Herbert Marcuse: The father of the New Left worked for US military intelligence during the war
The Frankfurt School, founded in Germany in 1923 — the Institute for Social Research being its official name — was a group of intellectuals who played an important role in Europe and the United States over several decades. The school's orientation was "critical", which in practice meant undogmatic Marxist (within limits). It stood for a synthesis of Marx and Freud, philosophy and sociology. It also tried to integrate some German thinkers who were closer to Nazism than to Marxism, such as Martin Heidegger and Carl Schmitt. It advocated a society that was more just, saw monopoly capitalism as the main threat and was more preoccupied with high culture and the evils of mass culture than political issues.
The dramatic upheavals of the 1930s and '40s directly affected the Frankfurt School and moved it in directions its leading figures had neither foreseen nor wanted. Since almost all its members were Jewish, or part Jewish, they had to leave their native country soon after Hitler's rise to power. Most made their way via London to the United States, where they had to look for new sponsors since their financial means were limited.

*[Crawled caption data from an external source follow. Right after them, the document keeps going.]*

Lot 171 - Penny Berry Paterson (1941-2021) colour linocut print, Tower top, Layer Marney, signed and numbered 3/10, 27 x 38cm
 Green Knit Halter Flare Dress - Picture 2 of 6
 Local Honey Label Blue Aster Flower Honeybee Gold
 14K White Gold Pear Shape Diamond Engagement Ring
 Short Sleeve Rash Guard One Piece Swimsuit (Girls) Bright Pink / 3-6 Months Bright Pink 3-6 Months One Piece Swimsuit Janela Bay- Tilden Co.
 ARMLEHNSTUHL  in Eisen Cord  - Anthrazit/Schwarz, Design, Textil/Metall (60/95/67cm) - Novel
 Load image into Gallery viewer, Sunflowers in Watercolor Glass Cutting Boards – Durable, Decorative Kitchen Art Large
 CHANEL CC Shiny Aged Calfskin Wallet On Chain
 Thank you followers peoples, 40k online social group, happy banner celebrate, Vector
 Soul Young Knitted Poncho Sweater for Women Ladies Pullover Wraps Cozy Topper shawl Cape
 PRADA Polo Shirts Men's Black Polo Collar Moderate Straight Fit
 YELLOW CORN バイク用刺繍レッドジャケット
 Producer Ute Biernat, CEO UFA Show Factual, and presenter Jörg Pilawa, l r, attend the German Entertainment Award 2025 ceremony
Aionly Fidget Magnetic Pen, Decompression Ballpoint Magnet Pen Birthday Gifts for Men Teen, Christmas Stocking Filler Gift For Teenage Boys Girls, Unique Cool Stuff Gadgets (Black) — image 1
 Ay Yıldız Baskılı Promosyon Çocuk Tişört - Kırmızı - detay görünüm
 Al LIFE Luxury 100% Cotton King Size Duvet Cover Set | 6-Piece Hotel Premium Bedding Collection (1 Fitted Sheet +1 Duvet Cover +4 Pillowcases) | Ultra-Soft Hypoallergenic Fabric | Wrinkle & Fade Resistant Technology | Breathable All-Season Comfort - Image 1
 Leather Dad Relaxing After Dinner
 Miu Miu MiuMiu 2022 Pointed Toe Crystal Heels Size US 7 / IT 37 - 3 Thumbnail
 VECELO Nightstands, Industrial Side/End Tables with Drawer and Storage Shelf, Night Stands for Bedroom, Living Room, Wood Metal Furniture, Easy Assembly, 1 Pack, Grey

One group, mainly based in California, undertook a study of anti-Semitism on behalf of a leading Jewish organisation, it eventually took the form of investigating prejudice and the authoritarian personality. Another group, having joined American military intelligence, the Office of Strategic Services (OSS), contributed to the war effort by trying to explain Nazi Germany to American political and military leaders. They included Franz Neumann, the head of this group, Herbert Marcuse and Otto Kirchheimer. Some 30 of their many wartime position papers have now been published under the general title Secret Reports on Nazi Germany.
Why did William "Wild Bill" Donovan, the most highly decorated American soldier of the First World War and later head of OSS, enlist this group of radical theorists? There is no obvious answer: they were born and educated in Germany but, the question of their unorthodox political orientation quite apart, they were not really political animals. This goes especially for the most prominent and influential thinkers among them, such as Walter Benjamin or Theodor Adorno. Jürgen Habermas, the leading German intellectual of our time and the universally recognised legitimate heir of the Frankfurt School, said about Adorno that he was an authentic genius. Perhaps, but his genius was in the field of cultural studies rather than politics.
They were intelligent, well-educated people with wide interests and it is only legitimate that the editor should have picked out of their many reports those which have best stood the test of time. But were they prescient, pioneering an understanding of the character of Nazism, its aims and ambitions? This has been claimed in the past and is sometimes argued even now. True, they made some useful points, such as stressing that Hitler's Germany contained essentially new elements, quite different from the Germany of 1914, and should not be seen through the lenses of a bygone period. (Churchill in 1937 still tended to believe that Hitler and Nazism were in the tradition of Kaiser Wilhelm II, the misbegotten grandson of Queen Victoria.) The Frankfurters warned against the Morgenthau Plan of 1944-45 to deindustrialise a defeated Germany. They realised early on that underneath the seemingly monolithic façade of Nazism there was a great deal of chaos. It was never made quite clear who was in charge of what, the role of Hitler, the state apparatus, the party, etc.